• _Your instructions_: Each line from the one that holds "volandocanarias's tweet photo." to the end of the records is to be retyped exactly. Pictures are not part of the copy.

Short descriptive text snippets
----------

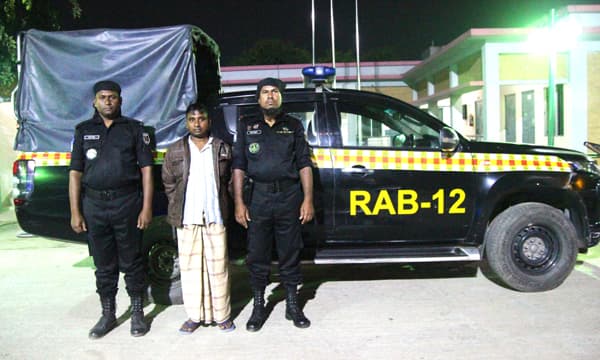সিরাজগঞ্জে ১০ বছরের সাজাপ্রাপ্ত পলাতক আসামি গ্রেফতার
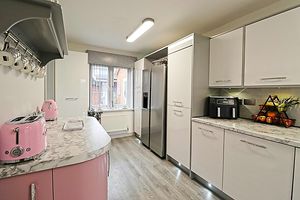 Kitchen- click for photo gallery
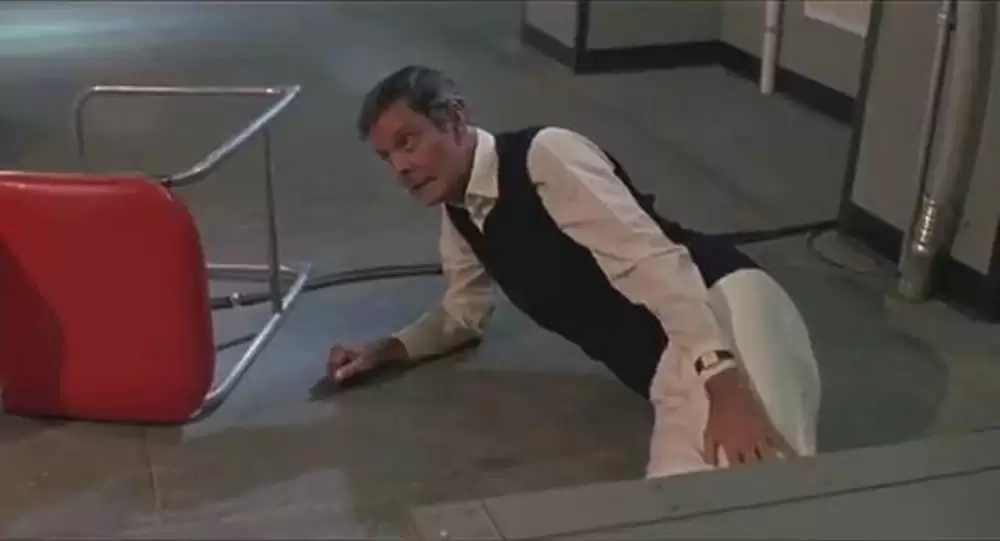 「怪人スワンプシング」ルイ・ジュールダンの画像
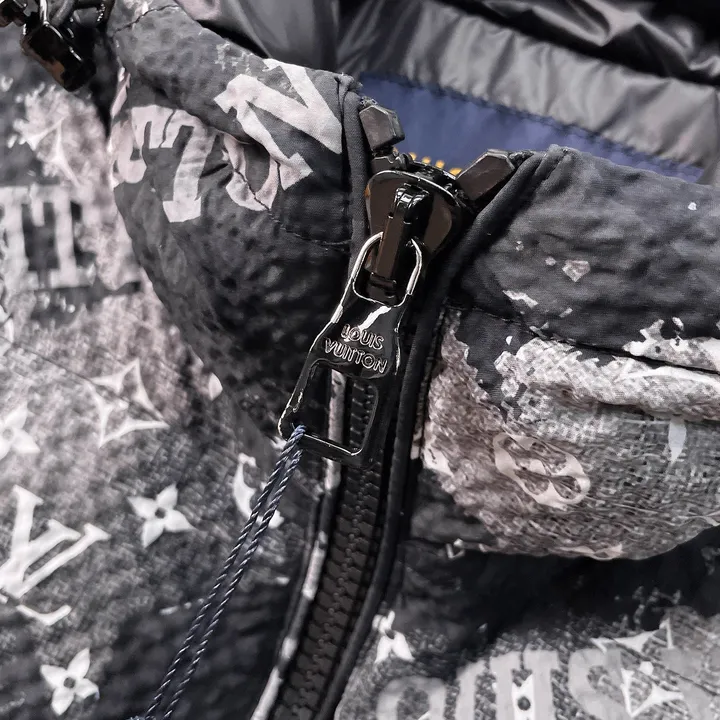 ルイヴィトン ダウン 厚手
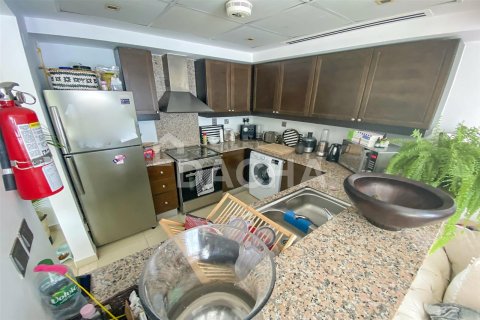 Villa in Jumeirah Village Triangle, Dubai 10 bedrooms, 152 sq.m. № 7078 - photo 14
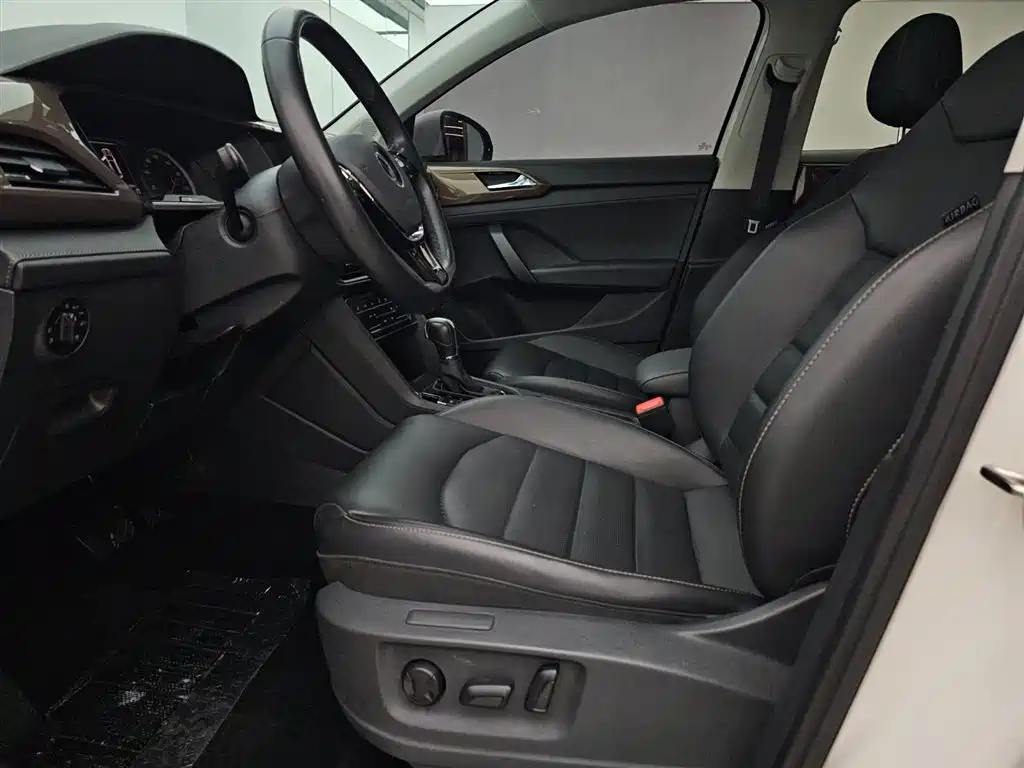 Tharu 280 TSI 2 WD Luxury PLUS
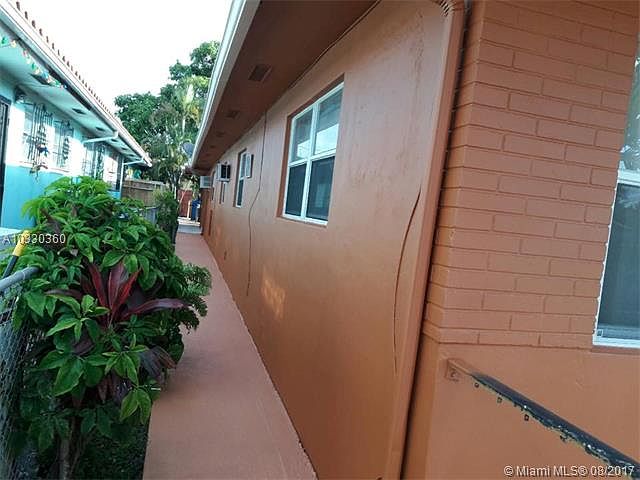 2nd image of 550 E 10th St #550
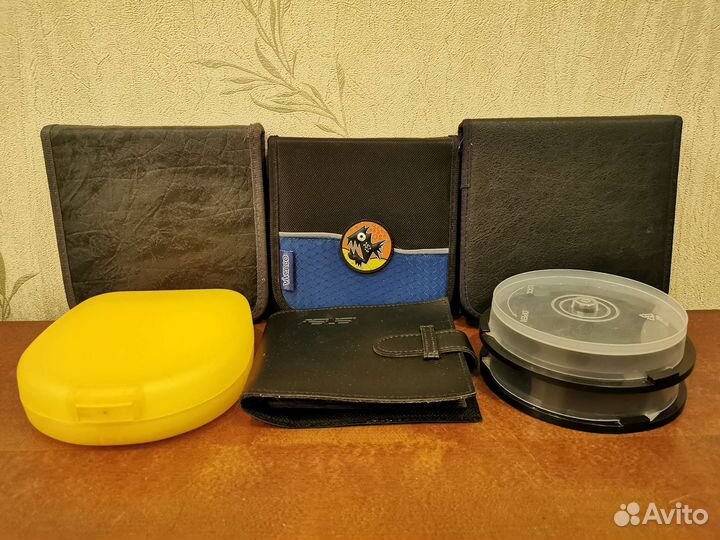 Боксы, контейнеры, папки для дисков CD, DVD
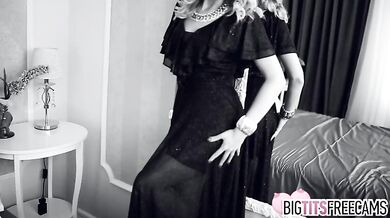 Busty And Mature Honey HillaryFlynn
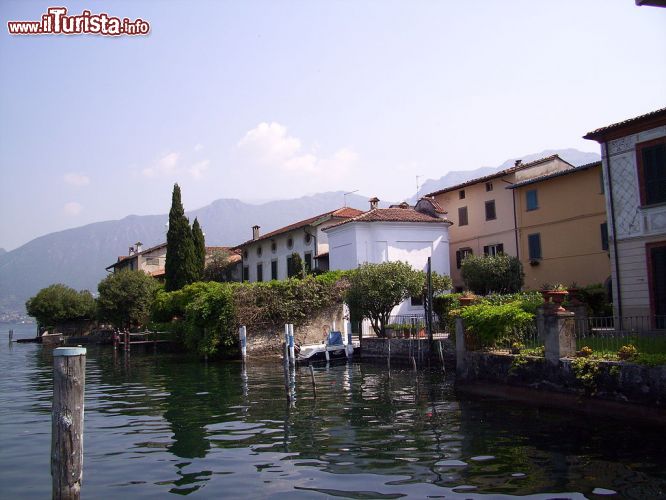 Immagine Le case del villaggio di Sulzano s'affacciano sul lago Iseo, di fronte al Monte Isola - © Wikipedia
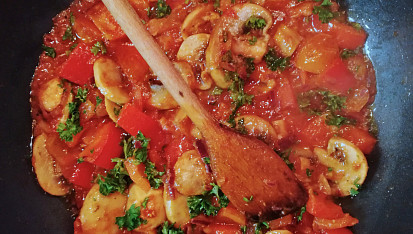 Vepřové na rozmarýnu s noky a restovaná zelenina, restování zeleniny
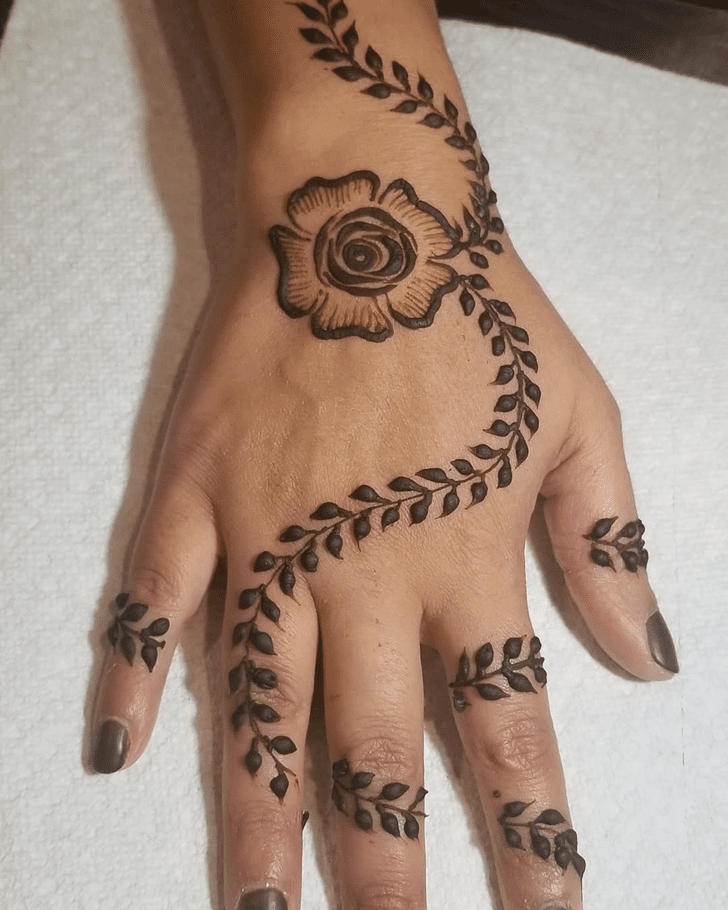 Slightly Gulf Henna Design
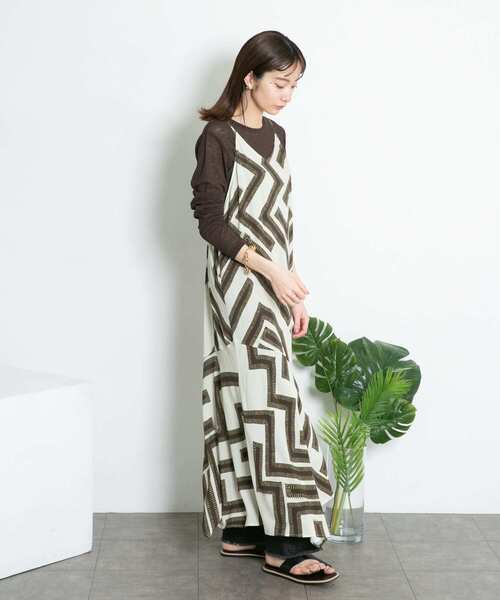 KBF（ケイビーエフ）の「メイズパターンアシンメトリーキャミワンピース（ワンピース・レディース・ホワイト系その他/グリーン系その他・ONE）」の18枚目の写真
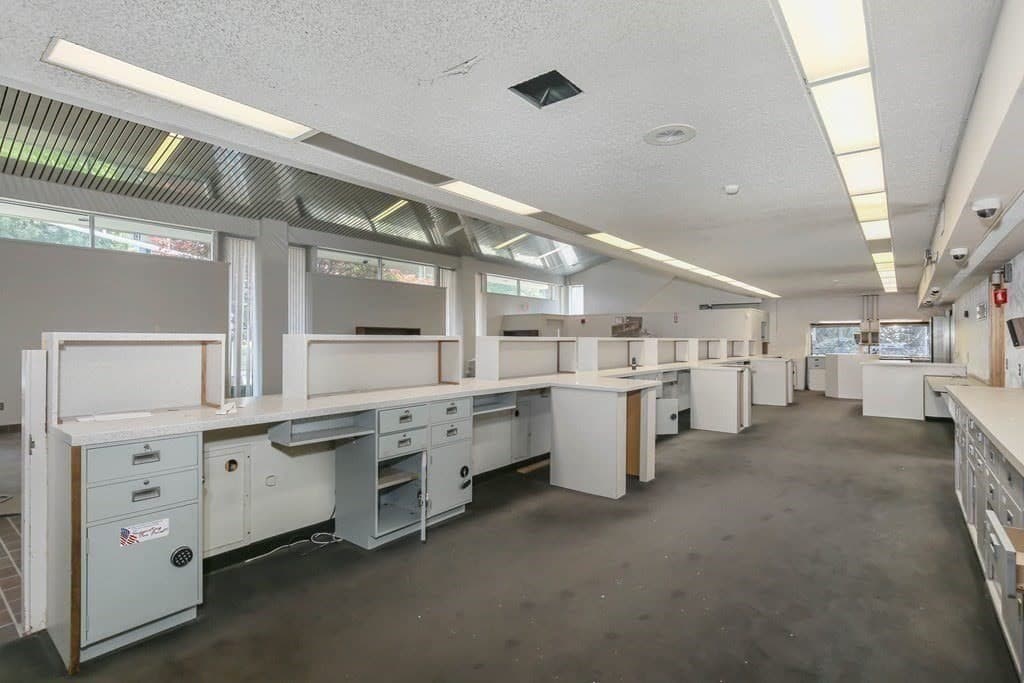 Commercial Sale at 1 N Main St, Webster MA 01570, photo 3 of 32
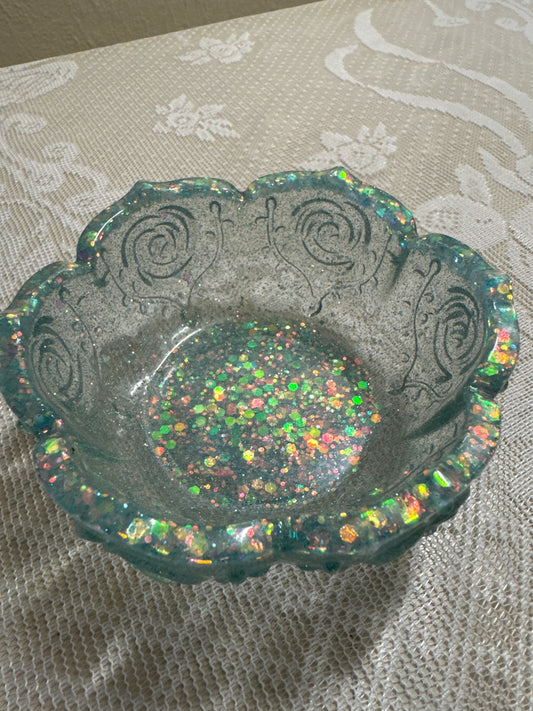 Small epoxy bowls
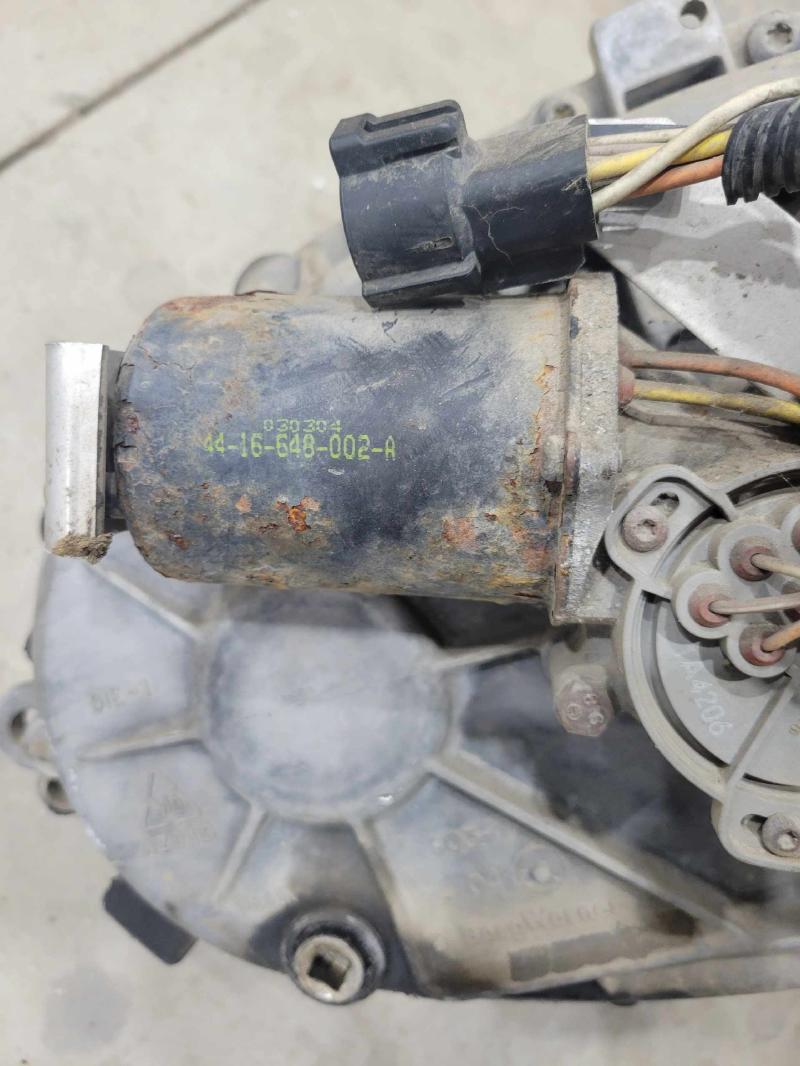 2004 Lincoln Navigator Transfer Case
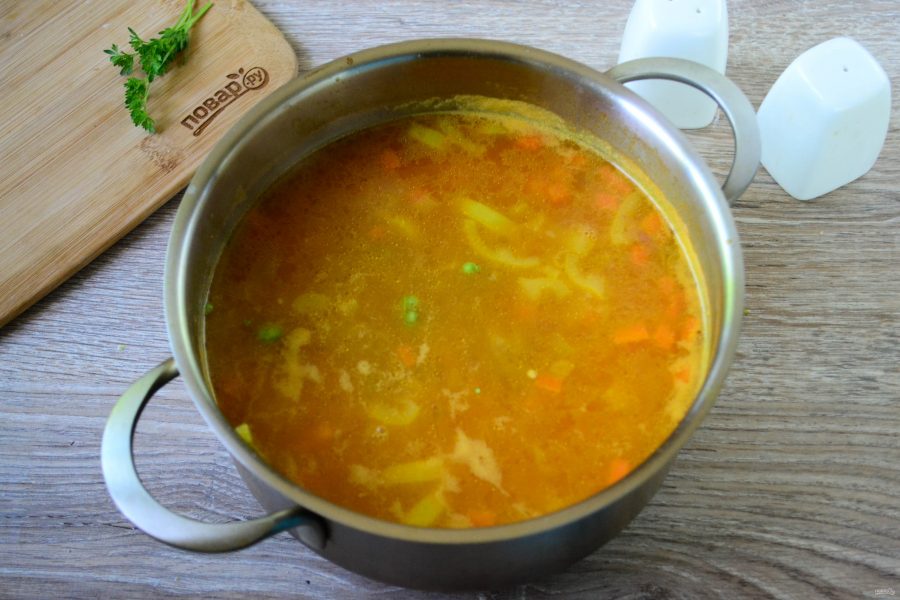 Рисовый суп с горошком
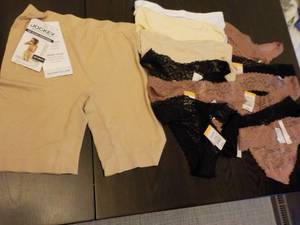 lot 63 image: Womens Undies...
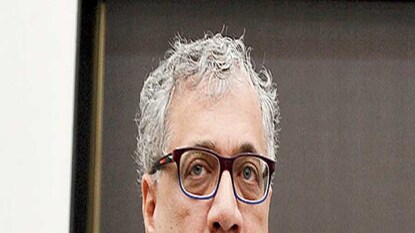 জ্বালানির দাম বৃদ্ধির জন্য কেন্দ্রকে লক্ষ্য করে ব্যঙ্গ করেছে সর্বভারতীয় তৃণমূল কংগ্রেস জ্বালানির দাম বৃদ্ধির জন্য কেন্দ্রকে লক্ষ্য করে ব্যঙ্গ করেছে সর্বভারতীয় তৃণমূল কংগ্রেস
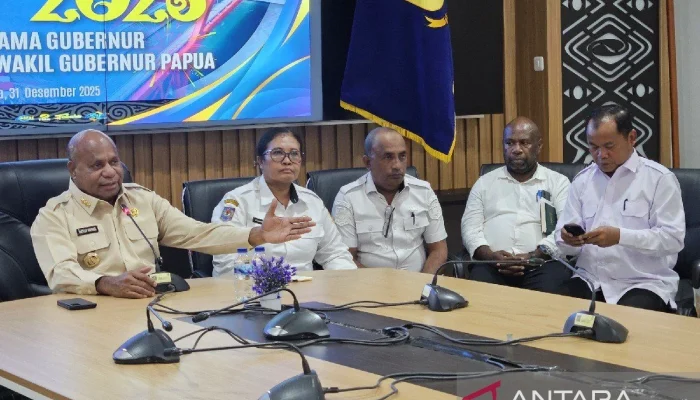 Gubernur Papua Tegaskan Tidak Ada Penerimaan CPNS dan Batal Video Bantuan WhatsApp Hoaks
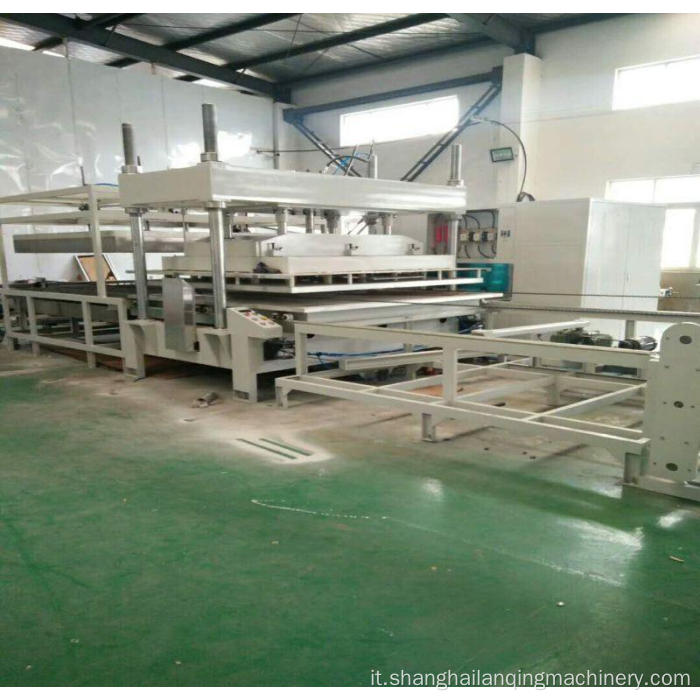 Sigillante per materasso gonfiabile ad alta frequenza automatico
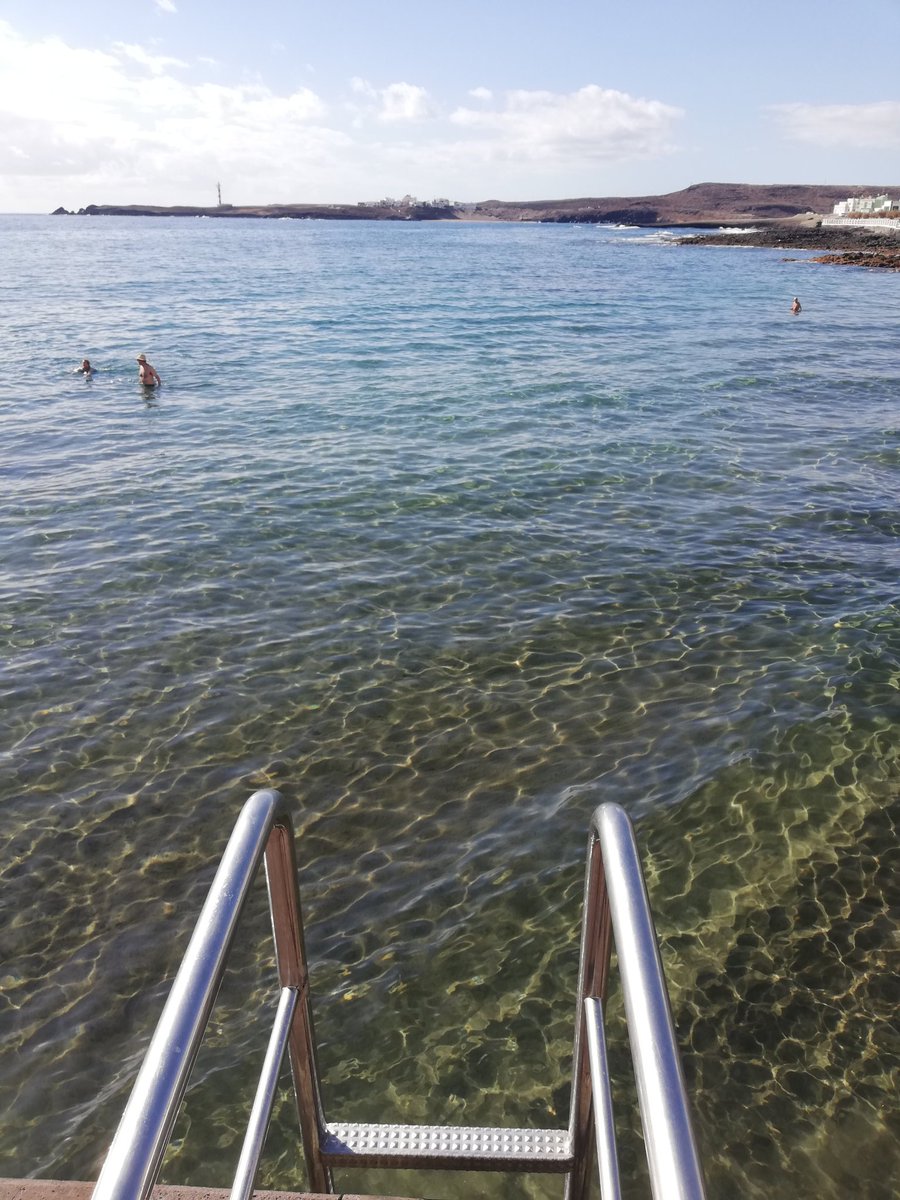 volandocanarias's tweet photo. Disfrutando los pequeños paraísos que tenemos en esta isla 💙
Día casi veraniego en #Elporis ☀️
#Tenerife https://t.co/VPeStBnDOH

----------

• _Your solution_:
 volandocanarias's tweet photo. Disfrutando los pequeños paraísos que tenemos en esta isla 💙
Día casi veraniego en #Elporis ☀️
#Tenerife https://t.co/VPeStBnDOH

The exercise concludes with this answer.